# HotpotQA FullWiki Dataset Few-Shot Example Generation

This notebook imports the HotpotQA FullWiki dataset and creates few-shot examples for multi-hop question answering. We'll extract questions, relevant contexts, irrelevant contexts, and generate queries needed to retrieve missing data from the first 1000 samples.

## 1. Import Required Libraries

We'll import the necessary libraries for data processing, manipulation, and random sampling.

In [1]:
import json
import pandas as pd
import numpy as np
import random
from typing import List, Dict, Any
from datasets import load_dataset
import re
from collections import defaultdict

# Set random seed for reproducibility
random.seed(42)
np.random.seed(42)

print("Libraries imported successfully!")

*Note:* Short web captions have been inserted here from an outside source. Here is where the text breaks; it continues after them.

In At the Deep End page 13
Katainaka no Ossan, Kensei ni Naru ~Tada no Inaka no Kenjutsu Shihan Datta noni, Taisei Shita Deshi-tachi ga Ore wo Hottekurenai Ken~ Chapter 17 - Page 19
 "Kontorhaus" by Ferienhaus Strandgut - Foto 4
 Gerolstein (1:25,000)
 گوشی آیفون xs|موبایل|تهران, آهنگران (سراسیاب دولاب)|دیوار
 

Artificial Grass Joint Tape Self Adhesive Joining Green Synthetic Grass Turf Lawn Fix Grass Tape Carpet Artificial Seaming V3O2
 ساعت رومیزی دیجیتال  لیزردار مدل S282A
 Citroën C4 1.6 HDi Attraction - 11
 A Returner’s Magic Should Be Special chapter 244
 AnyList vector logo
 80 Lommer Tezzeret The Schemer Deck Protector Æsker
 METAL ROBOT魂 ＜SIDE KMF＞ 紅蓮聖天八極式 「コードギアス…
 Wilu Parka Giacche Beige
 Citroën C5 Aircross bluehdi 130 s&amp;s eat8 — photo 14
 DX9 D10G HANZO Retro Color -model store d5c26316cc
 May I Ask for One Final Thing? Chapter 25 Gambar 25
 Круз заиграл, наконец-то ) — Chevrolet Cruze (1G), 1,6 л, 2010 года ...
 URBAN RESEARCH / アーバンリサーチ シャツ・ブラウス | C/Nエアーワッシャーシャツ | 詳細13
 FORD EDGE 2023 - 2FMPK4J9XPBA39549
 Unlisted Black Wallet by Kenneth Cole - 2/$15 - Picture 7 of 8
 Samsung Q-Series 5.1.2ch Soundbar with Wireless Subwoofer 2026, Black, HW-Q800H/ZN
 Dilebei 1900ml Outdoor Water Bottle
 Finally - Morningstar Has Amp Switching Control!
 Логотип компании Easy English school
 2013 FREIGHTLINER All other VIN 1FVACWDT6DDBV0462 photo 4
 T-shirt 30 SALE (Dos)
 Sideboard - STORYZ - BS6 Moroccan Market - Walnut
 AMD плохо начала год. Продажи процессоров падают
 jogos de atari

Libraries imported successfully!


## 2. Load HotpotQA FullWiki Dataset

Load the HotpotQA FullWiki dataset using the Hugging Face datasets library.

In [2]:
# Load HotpotQA FullWiki dataset
print("Loading HotpotQA FullWiki dataset...")
dataset = load_dataset("hotpot_qa", "fullwiki", trust_remote_code=True)

# Get training data
train_data = dataset['train']
print(f"Dataset loaded! Total training samples: {len(train_data)}")

# Convert first 1000 samples to a more manageable format
first_1000 = train_data.select(range(min(1000, len(train_data))))
print(f"Selected first {len(first_1000)} samples for processing")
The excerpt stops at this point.